Il cambiamento al cinema
Intanto nel mondo cinematografico, cominciava a venire in risalto la trasgressione tipica della “femmina”.
E così nel 1952 Brigitte Bardot indossò il bikini in “Manina, ragazza senza veli“. Lo stesso fece Marisa Allasio nel 1956 in “Poveri ma belli” e lo stesso anno di nuovo alla Bardot in “E Dio creò la donna“.
Ma l’era del bikini inizia con Ursula Andress, la prima Bond girl, che nel 1962 in “Agente 007 – Licenza di uccidere” diventò l’icona femminile in bikini più famosa della storia del cinema. Nel 1966 fu la volta della bellissima Raquel Welch in “Un milione di anni fa“.
I cambiamenti sociali fino ai giorni nostri
Dalla civiltà antica ad oggi, il concetto di bikini è sempre stato associato alle all’emancipazione femminile, e soprattutto nei secoli scorsi le donne hanno sempre provato a ritagliarsi il giusto margine di libertà all’interno della società.

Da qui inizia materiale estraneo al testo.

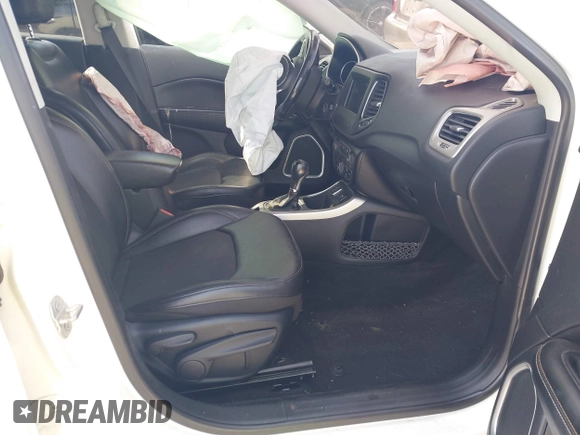 2019 Jeep Compass Altitude with VIN 3C4NJCBB3KT676807, listed as a IAAI auction lot 42595932 with 104,505 mi miles and . Bid and sale history available at DreamBid. Image 5.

Forse proprio grazie ai movimenti femministi, alla rivoluzione del cinema, all’avvento dei mezzi di comunicazione e dei boom economici, il bikini ha fatto innamorare le donne di tutto il mondo rivelandosi emblema della femminilità.
Non fu certo un caso che agli inizi del 900, il Vaticano, neanche a dirlo, lo dichiarò peccaminoso.
Continuando la battaglia per l’emancipazione negli anni ’80, si passo addirittura dal bikini, al trionfo del topless.
I classici slip persero i centimetri per fare spazio al tanga.